━━━━━ DATA PROVIDED
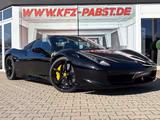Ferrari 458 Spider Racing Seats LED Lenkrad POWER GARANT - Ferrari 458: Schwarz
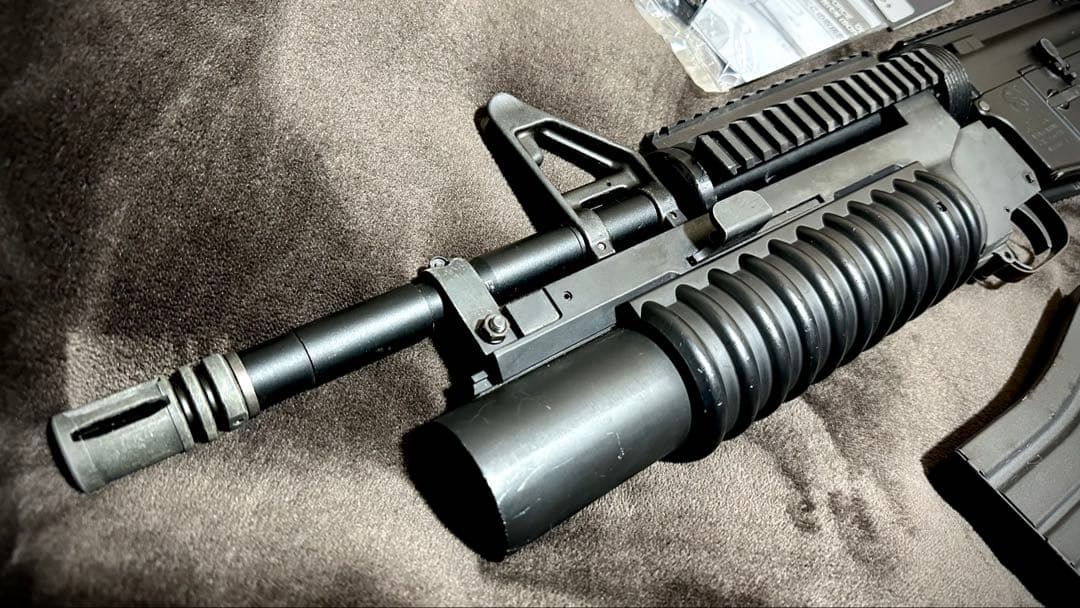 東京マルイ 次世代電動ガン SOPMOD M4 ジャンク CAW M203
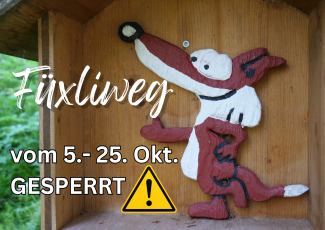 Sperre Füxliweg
━━━━━━━━━━
### WHAT YOU ARE ASKED TO DO
No pictures, please. Output the listing above exactly as it stands.

### EXERCISE RESULT
Ferrari 458 Spider Racing Seats LED Lenkrad POWER GARANT - Ferrari 458: Schwarz
 東京マルイ 次世代電動ガン SOPMOD M4 ジャンク CAW M203
 Sperre Füxliweg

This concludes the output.